Saturday, October 30, 2010

Communication

Lately I've become obsessed with the whole act of how people communicate to each other. As an actor, our job is to tell the story to the audience through our body, words, emotions, actions, and point of view. Sometimes we're really good at it, sometimes we just plain suck. It's not just what we communicate, but how we do and what we intend and accidentally do at the same time.
We get in our own way. Actors don't trust our audiences. We try so hard to show them what they should be hearing and feeling. By doing this, the only thing they feel is "My God, this is bad acting". Because of the training I'm involved in now, I break down communicating and responding to its simplest form. The easiest way to do this is to think about how you communicate to your closest friends and family members. What's the difference between a happy couple and a couple that fights all the time? The ability to understand what the other person is trying to accomplish at any given moment. I see couples fight on campus and it always comes down to two things: either they just can't understand what the other person is trying to communicate to them and they get frustrated or they are receiving the communication and aren't having anything to do with it. That's all anger is. A level of emotion that erupts because you have a feeling inside you that has lost. Anger is a losing product. Once anger is introduced to a situation, no communication will be received from that moment on. We resist listening when someone gets angry and blocking them out. Watch a show or movie, is the actor just yelling at the other one? Boring. Are they trying to get something and using every tactic possible to get the other person to understand? If so, good job.
On the flip side, watch a happy couple. Actions given and received with hardly any effort. It's because the communication is understandable, accepting, and specific. Even if it's not specific, the receiver gets the general idea and knows what to do with it. That's why inside jokes and bits between people work so well. It brings up a comfortableness that tells the other person, hey remember those feelings when......
Holding hands. Just looking in someone's eyes. A hug. Laying down with someone and just cuddling. Million of messages are sent every second when two people understand each other and accept what is given. That's what we want as actors. Instead of working so hard, we should just be able to be neutral vessels that respond honestly and actively at every given second.
Why do people become best friends? The communication between them is at a level where everything is flowing between them and it's accepted unconditionally. As friends, if the communication is not understood, they have the bond that allows them to communicate to the other that their communication is fuzzy and by communicating like adults, it can be resolved.
What are fake friends? People held together by false pretenses will fight because the other person does not genuinely communicate well or are resistant to the other's communication. How many people fight at a bar. Why??? Because the alcohol has inhibited their ability to communicate and think rational. That's all it is. I see people who I know I would hate going out with because every night is going to end in a fight. You know those people! Why? Think about it. They get selfish. Want everything their way. Hate everything that other people do..... in other words.... lose all ability to communicate.
Why is someone a great artist? They have found a way to communicate whatever they are trying to do in a way that the masses understand. In a specific way. In an unusual way. But all of them are able to communicate and thats what makes them so popular. Know those artists who say "no one understands my art!!!" Yeah, because you haven't found the right way to tell me yet. It's still inside. It isn't able to get out.
In studio, we are finding ways to powerfully communicate in simple ways like breath, blinking, a turn of the head, a tension in the wrist, walking tempo, a pitch in the voice, or a certain body posture. Of course those are wonderful things to know about the body, but sometimes communication can come in beautiful mediums that speak volumes like a text that says "hi". A postcard from my mom that says "I hope you're doing better". A hand on your back when you put your head down in disgust. A hug. A shake. A kiss. Stroking someone's hair with the intention of "I'm here for you and everything is going to be fine". A smile. A smirk. Eye contact from across the room that has enough subtext to write a novel. These all work because the giver is in full command of what they are trying to communicate and the receiver has full availability to receive those actions.
So does that make sense? It doesn't? Well I've communicated myself perfectly. You must just suck as a listener!

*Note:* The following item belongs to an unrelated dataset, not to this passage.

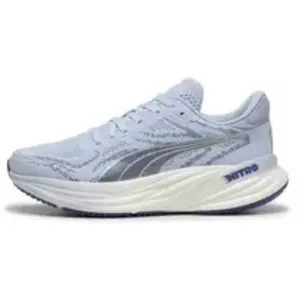 Comparateur de prix : Chaussures de running femme Puma Magnify Nitro 2 Bleu 37,5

Wednesday, October 27, 2010

Ghosts of Christmas Pasts

Through my rough times lately, a lot of people have been sending me quotes that in so many words say this: Forget the past, don't live in the past, don't fret the future, you have no control of the future, live in the now cause it's a present...aw that's cute, you can only control where you are right now. On paper, I mean, on computer..who owns paper anymore......it makes sense, but I have spent many hours thinking about that and why it's so hard.
First, if a man is the sum of his actions, how can we forget the past? I think the reason it's so hard for me to let go of the past is because everything in my past has made me who I am right now. If someone hurts me, I would love to just erase that person from my life, but by erasing that period of time I feel like I'm giving no credit to what I lived through and the choices I made in that period. Like it was a waste of time.
Second, don't fret the future. Ok, but I need money in the future. If I have dreams and goals I want to accomplish, I need to make decisions now that will help those goals come to fruition. So if I don't care about the future,I don't need to care about today, right?
Finally, live for the now. Well what if now fucking sucks?
I guess I can just try to live each moment the best I can, but if I'm not worried about the future, then I can spend all my money today. So I'm going to go buy a rickshaw. Why not? The future will take care of itself no matter what I decide to do. I could die and the days will just keep going on. The past has already happened. And wow, I wish I could get a lot of those times back. The good ones and the bad ones. Am I supposed to forget the bad ones and keep the good ones, well that's pretty prejudice. Shouldn't I learn from my mistakes? Geez, I don't know if there's a text book that's big enough to teach those lessons.
I want to wake up and smile. Well, that's worried about the future. Should I want to smile right now? I'm too tired. I'd rather be sleeping. I hope the Indians are good next season. That's worried about the future, so should I hope they're good now? Well, they're not. They're really really not.
I've decided I'm not going to do my homework, tomorrow will take care of itself. And I maybe got a F on a test yesterday, oh well, maybe my professor won't live in the past.
I'm trying to leave my baggage at the door when I come in, but it's duct taped to my leg and 17 handcuffs are attached to it and me. That's the past. The baggage doesn't have to be opened, but it makes me a little bit heavier and I sometimes have trouble accessorizing it. And the damn thing sometimes makes me owe the airlines extra money when I check in. For those who aren't keeping up, the joke is it's emotional baggage and I'm personifying it!!! Ha ha ha.
I need to sleep now, so tomorrow I don't fall asleep in the middle of a handstand. Tomorrow??????? Not worried about it.

Monday, October 25, 2010

Why Improv is Everything

I started acting when I was 11 years old. For years I learned how to walk on the stage, not run into scenery, how to memorize lines, sing, learn the difference between stage left and stage right, house left and house right, back stage, front of house, and how to bow. The problem with all of this was that for the next 11 years, I was forming muscle memories in my body that was doing a lot of it wrong. I moved to NY and walked into auditions, classes, and rehearsals just doing the same thing I had done the previous 11 years, and it only got me so far. I wasn't having fun on stage anymore. I wasn't being pushed. There were times in class and in performance that everything seemed to be going right and I was having fun, and looking back on those times, I realize I was doing just one thing....... following my instincts and making it up on the spot.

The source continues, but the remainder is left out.